### WHAT YOU ARE ASKED TO DO
Among the lines below, copy exactly those from the one with "Фото Жакардовий чохол" through the one with "TOPMAX Patio Wooden", counting both ends.

### DATA SHOWN
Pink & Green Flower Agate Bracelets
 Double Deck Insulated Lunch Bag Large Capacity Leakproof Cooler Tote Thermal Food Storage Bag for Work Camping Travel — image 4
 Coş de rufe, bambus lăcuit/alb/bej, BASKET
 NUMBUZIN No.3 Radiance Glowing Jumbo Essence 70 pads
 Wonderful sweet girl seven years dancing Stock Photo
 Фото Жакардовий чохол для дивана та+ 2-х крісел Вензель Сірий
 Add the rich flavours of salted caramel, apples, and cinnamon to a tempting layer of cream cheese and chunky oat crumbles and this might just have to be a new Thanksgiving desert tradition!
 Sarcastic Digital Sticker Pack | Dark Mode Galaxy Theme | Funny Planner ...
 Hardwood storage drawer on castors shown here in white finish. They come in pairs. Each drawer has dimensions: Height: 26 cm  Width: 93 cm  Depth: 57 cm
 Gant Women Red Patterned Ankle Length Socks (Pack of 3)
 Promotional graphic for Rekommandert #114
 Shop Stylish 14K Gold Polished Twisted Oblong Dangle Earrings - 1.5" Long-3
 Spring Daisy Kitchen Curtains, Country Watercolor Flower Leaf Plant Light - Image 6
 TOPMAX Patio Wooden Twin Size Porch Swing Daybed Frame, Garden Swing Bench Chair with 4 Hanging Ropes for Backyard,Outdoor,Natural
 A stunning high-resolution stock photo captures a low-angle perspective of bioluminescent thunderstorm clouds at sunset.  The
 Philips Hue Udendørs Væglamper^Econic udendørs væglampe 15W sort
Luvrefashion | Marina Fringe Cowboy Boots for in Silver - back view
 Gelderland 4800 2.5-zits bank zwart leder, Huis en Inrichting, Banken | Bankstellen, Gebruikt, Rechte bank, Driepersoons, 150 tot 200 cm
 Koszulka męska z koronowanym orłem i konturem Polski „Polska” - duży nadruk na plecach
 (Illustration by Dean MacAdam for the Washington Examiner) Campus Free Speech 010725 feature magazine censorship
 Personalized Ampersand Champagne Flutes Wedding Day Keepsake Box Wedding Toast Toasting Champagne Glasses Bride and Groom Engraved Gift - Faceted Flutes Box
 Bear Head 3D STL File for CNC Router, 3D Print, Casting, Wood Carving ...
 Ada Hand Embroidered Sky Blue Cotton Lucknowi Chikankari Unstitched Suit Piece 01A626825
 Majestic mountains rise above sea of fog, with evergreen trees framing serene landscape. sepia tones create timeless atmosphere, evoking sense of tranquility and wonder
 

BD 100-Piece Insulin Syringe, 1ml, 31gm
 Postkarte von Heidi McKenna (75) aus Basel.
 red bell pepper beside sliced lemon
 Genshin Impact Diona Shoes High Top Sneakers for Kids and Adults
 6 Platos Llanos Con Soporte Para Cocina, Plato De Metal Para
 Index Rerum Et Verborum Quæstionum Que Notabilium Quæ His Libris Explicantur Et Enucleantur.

### RESPONSE TO THE EXERCISE
 Фото Жакардовий чохол для дивана та+ 2-х крісел Вензель Сірий
 Add the rich flavours of salted caramel, apples, and cinnamon to a tempting layer of cream cheese and chunky oat crumbles and this might just have to be a new Thanksgiving desert tradition!
 Sarcastic Digital Sticker Pack | Dark Mode Galaxy Theme | Funny Planner ...
 Hardwood storage drawer on castors shown here in white finish. They come in pairs. Each drawer has dimensions: Height: 26 cm  Width: 93 cm  Depth: 57 cm
 Gant Women Red Patterned Ankle Length Socks (Pack of 3)
 Promotional graphic for Rekommandert #114
 Shop Stylish 14K Gold Polished Twisted Oblong Dangle Earrings - 1.5" Long-3
 Spring Daisy Kitchen Curtains, Country Watercolor Flower Leaf Plant Light - Image 6
 TOPMAX Patio Wooden Twin Size Porch Swing Daybed Frame, Garden Swing Bench Chair with 4 Hanging Ropes for Backyard,Outdoor,Natural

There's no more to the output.